The girl on the right

I remember the day I found out that Gia was going to be a girl. It was a good day. It was the news I was hoping for. I already had my boy at home, and who doesn’t want one of each? Our family was complete, just how I pictured it.

For the next 20 weeks, I shopped for pink.

I couldn’t get enough ‘girl talk’. I welcomed the insight of others, reflecting on their own experiences with raising a daughter – what it looked like, what it felt like, what it sounded like.  Even perfect strangers were ready with their own unique findings and personal observations.

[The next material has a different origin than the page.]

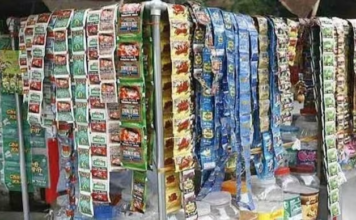No Gutkha in Karnataka for a Year, State Bans Sale, Distribution and Transportation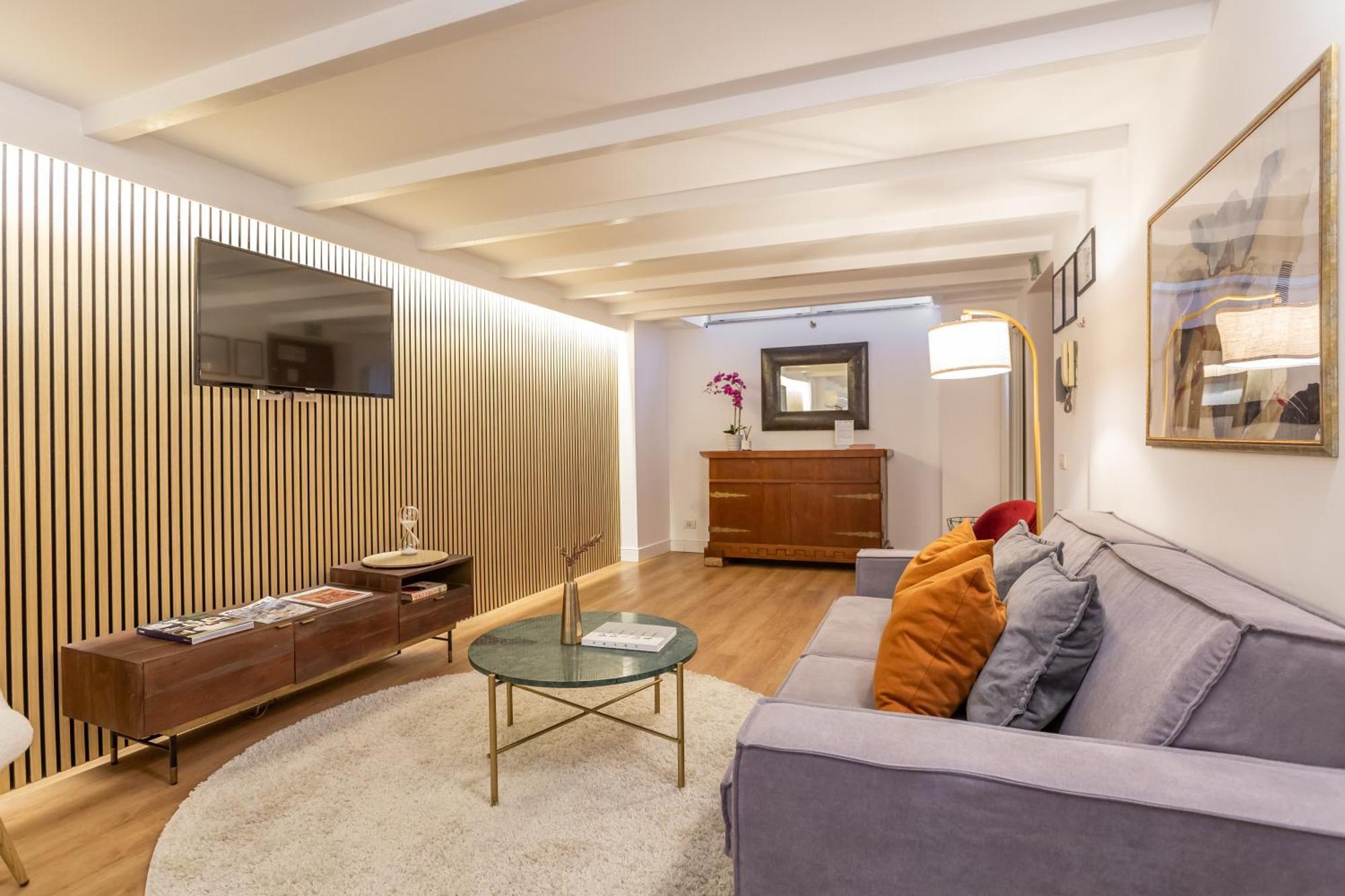 Daplace - Iris Apartment Roma Exterior foto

But really, there was nothing unique. Over the weeks I would hear a lot of the same. The differences in raising boys and girls was made quite clear.

“Girls are so much less active and rowdy than boys…”  “They play calmly and quietly.”

“Girls are so much less messy and dirty than boys…”  “They keep things neat and like to be clean.”

“Girls are so much more fun to shop for than boys…”  “They wear pretty dresses and fun little skirts.”

And of course there’s my favorite…

“Girls develop so much earlier than boys…”  “They talk sooner and mature faster.”

Well this was great – I had a plan – I love to have a plan! Before she was even born, I knew exactly who Gia was going to be. So I boxed her up in a pretty little package with a big, huge, sparkly bow on it. She was going to fit perfectly.

It was about three years old when Gia ripped off that bow, punched her way out of the box and dusted off the sparkles.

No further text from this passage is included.